TimeChamber: A Massively Parallel Large Scale Self-Play Framework
Published in Github, 2022
Recommended citation: Huang Ziming, Ziyi Liu, Wu Yutong, Flood Sung. TimeChamber: A Massively Parallel Large Scale Self-Play Framework. https://github.com/inspirai/TimeChamber
Abstract:
TimeChamber is a large scale self-play framework running on parallel simulation. Running self-play algorithms always need lots of hardware resources, especially on 3D physically simulated environments. We provide a self-play framework that can achieve fast training and evaluation with ONLY ONE GPU. TimeChamber is developed with the following key features:
- Parallel Simulation: TimeChamber is built within Isaac Gym. Isaac Gym is a fast GPU-based simulation platform. It supports running thousands of environments in parallel on a single GPU.For example, on one NVIDIA Laptop RTX 3070Ti GPU, TimeChamber can reach 80,000+ mean FPS by running 4,096 environments in parallel.
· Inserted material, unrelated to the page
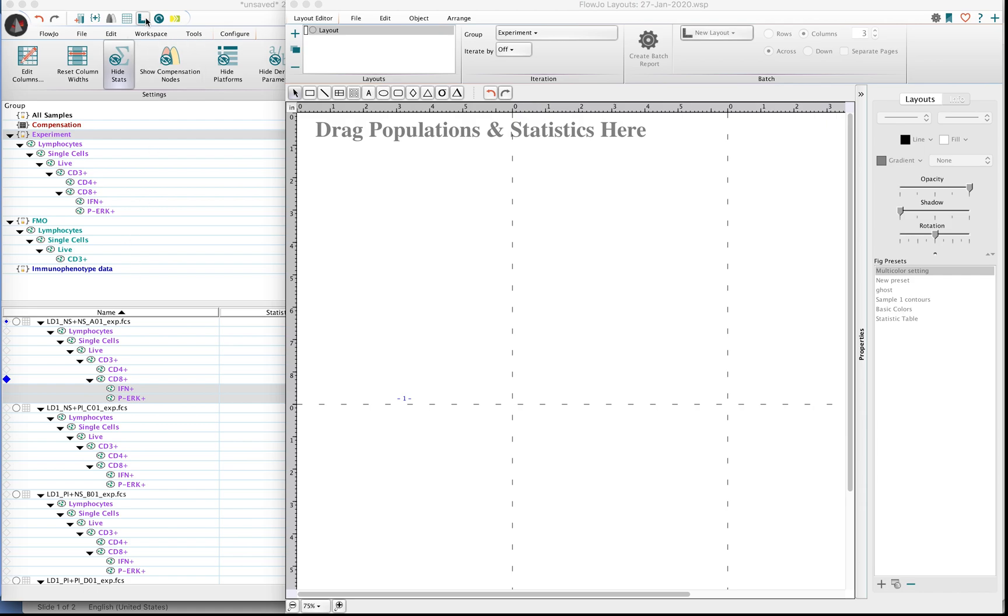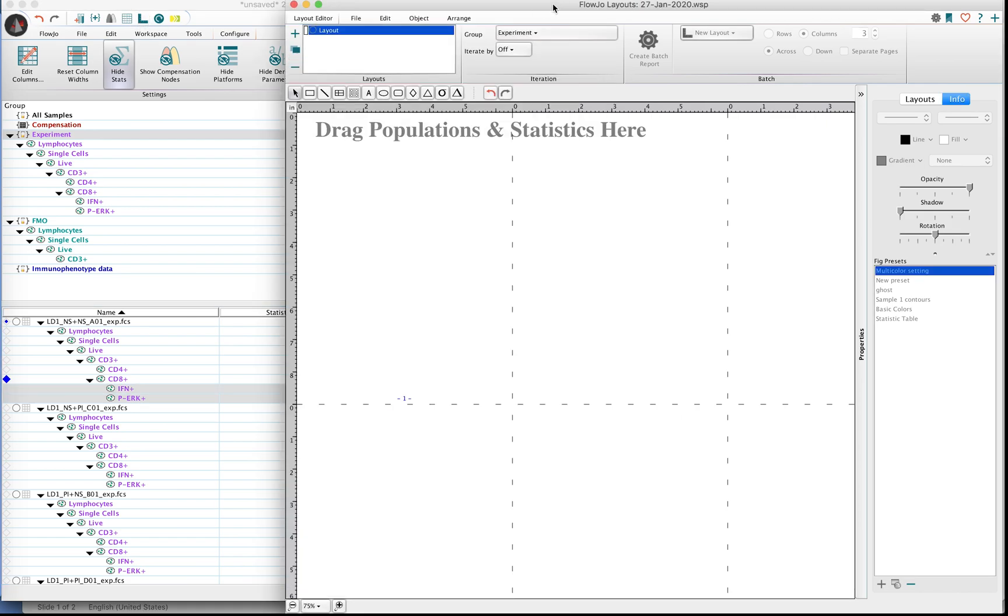In order to invoke the Layout Editor, go ahead and click the L button at the top of your workspace. This will open up a sheet. Oftentimes it will kind of open up to the right of your workspace.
- Parallel Evaluation: TimeChamber can fast calculate dozens of policies’ ELO rating(represent their combat power). It also supports multi-player ELO calculations by multi-elo. Inspired by Vectorization techniques for fast population-based training, we leverage the vectorized models to evaluate different policy in parallel.
- Prioritized Fictitious Self-Play Benchmark: We implement a classic PPO self-play algorithm on top of rl_games, with a prioritized player pool to avoid cycles and improve the diversity of training policy.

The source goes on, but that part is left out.